It was the design that made Gerald Genta's career and remains, without question, the most celebrated collection in Audemars Piguet's near 145-year long history.
In 1993, the Royal Oak line expanded to include the Offshore Chronograph, which drove the bulk of sales for AP in the past few decades. Debatably, the Offshore is responsible for carrying AP into the 21st century and ushering it into the powerhouse position in which it exists today.
Housed in a substantial 42mm stainless steel case with a non-luminous white mega-tappisserie dial, this particular Offshore ref. 26470ST is an immediate attention-grabber: Oversized Arabic indices combined with a matching handset, a tri-register chronograph layout and black printing all come together to give a look at once tactical and fashionable. Complementing the industrial vibe is the signature octagonal Royal Oak screwed bezel, plus an inner tachymeter scale and matching black crown and pushers.

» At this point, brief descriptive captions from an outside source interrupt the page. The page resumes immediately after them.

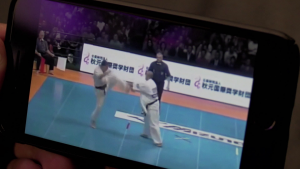 Videography technique filming a smartphone screen askew 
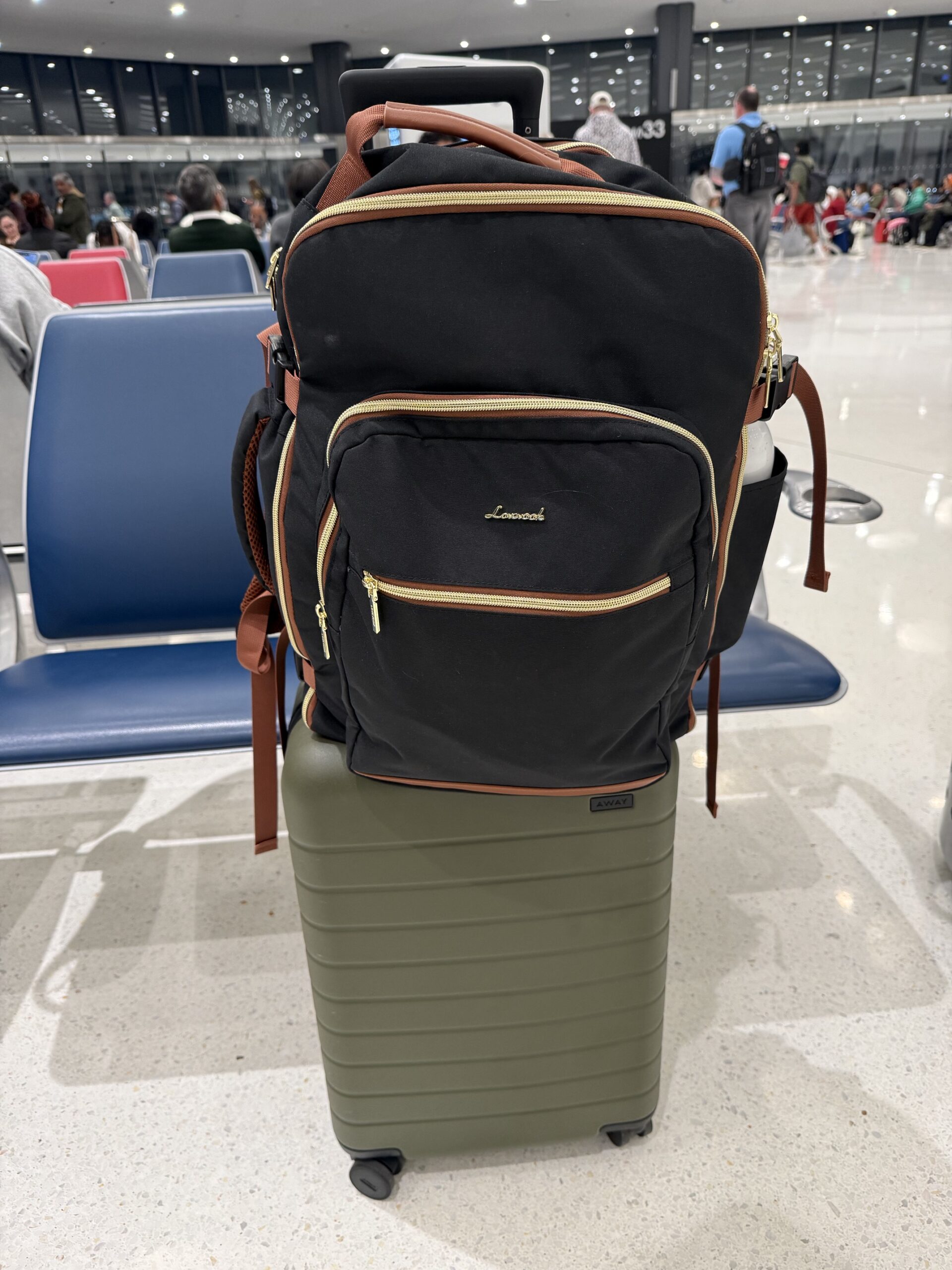 carry-on suitcase and a backpack slid over the handle, ready to travel carry-on only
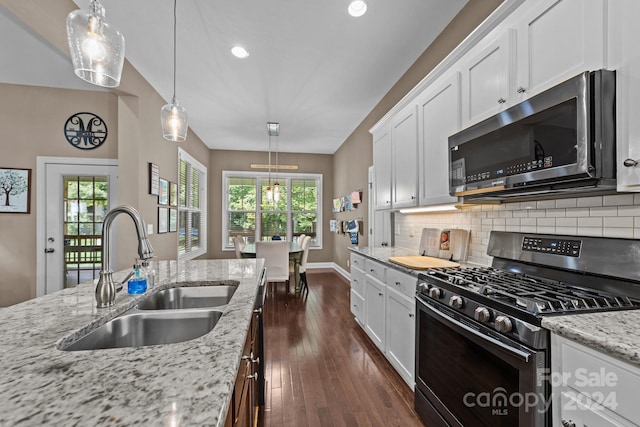 kitchen with a healthy amount of sunlight, white cabinets, range with gas stovetop, and sink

A sapphire crystal and integrated brown leather strap with hidden, signed deployant clasp complete the picture of one of the coolest timepieces AP has ever released — and this is to say nothing of the in-house automatic Calibre 3126/3840 ticking away within, providing 50 hours of power reserve.
In untouched condition throughout and showing only normal wear, this Offshore from the 2010s includes its instruction booklet, warranty authentication and registration certificate booklet, and serialized hangtag.
If you aren’t afraid of chrono with character, then this is the watch for you!